ACTION ITEM → Your answer must be an exact copy of every record.

RAW DATA Start Marker

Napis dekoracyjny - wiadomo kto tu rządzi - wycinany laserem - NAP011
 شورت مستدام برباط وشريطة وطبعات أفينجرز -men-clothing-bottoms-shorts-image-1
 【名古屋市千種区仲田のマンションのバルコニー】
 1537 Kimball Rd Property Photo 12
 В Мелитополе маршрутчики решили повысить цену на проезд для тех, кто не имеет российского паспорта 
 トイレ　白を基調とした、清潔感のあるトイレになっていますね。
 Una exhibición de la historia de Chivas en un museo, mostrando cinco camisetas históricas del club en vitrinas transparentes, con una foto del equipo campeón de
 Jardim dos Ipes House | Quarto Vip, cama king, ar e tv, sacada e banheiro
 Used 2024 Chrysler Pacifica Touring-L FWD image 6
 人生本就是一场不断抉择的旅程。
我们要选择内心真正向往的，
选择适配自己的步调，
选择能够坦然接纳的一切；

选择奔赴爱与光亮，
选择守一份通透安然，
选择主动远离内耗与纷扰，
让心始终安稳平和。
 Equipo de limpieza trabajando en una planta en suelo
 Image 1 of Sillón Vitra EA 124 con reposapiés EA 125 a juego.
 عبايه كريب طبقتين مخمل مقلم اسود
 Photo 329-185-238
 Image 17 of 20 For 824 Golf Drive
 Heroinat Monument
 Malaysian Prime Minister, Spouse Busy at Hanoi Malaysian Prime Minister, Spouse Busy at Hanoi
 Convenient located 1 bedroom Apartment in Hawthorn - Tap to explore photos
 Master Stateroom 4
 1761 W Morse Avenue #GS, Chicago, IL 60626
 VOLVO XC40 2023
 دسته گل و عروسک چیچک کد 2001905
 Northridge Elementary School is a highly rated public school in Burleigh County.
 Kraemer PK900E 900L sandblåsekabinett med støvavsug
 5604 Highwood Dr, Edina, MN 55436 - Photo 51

RAW DATA End Marker

RESULT OF THE TASK →
Napis dekoracyjny - wiadomo kto tu rządzi - wycinany laserem - NAP011
 شورت مستدام برباط وشريطة وطبعات أفينجرز -men-clothing-bottoms-shorts-image-1
 【名古屋市千種区仲田のマンションのバルコニー】
 1537 Kimball Rd Property Photo 12
 В Мелитополе маршрутчики решили повысить цену на проезд для тех, кто не имеет российского паспорта 
 トイレ　白を基調とした、清潔感のあるトイレになっていますね。
 Una exhibición de la historia de Chivas en un museo, mostrando cinco camisetas históricas del club en vitrinas transparentes, con una foto del equipo campeón de
 Jardim dos Ipes House | Quarto Vip, cama king, ar e tv, sacada e banheiro
 Used 2024 Chrysler Pacifica Touring-L FWD image 6
 人生本就是一场不断抉择的旅程。
我们要选择内心真正向往的，
选择适配自己的步调，
选择能够坦然接纳的一切；

选择奔赴爱与光亮，
选择守一份通透安然，
选择主动远离内耗与纷扰，
让心始终安稳平和。
 Equipo de limpieza trabajando en una planta en suelo
 Image 1 of Sillón Vitra EA 124 con reposapiés EA 125 a juego.
 عبايه كريب طبقتين مخمل مقلم اسود
 Photo 329-185-238
 Image 17 of 20 For 824 Golf Drive
 Heroinat Monument
 Malaysian Prime Minister, Spouse Busy at Hanoi Malaysian Prime Minister, Spouse Busy at Hanoi
 Convenient located 1 bedroom Apartment in Hawthorn - Tap to explore photos
 Master Stateroom 4
 1761 W Morse Avenue #GS, Chicago, IL 60626
 VOLVO XC40 2023
 دسته گل و عروسک چیچک کد 2001905
 Northridge Elementary School is a highly rated public school in Burleigh County.
 Kraemer PK900E 900L sandblåsekabinett med støvavsug
 5604 Highwood Dr, Edina, MN 55436 - Photo 51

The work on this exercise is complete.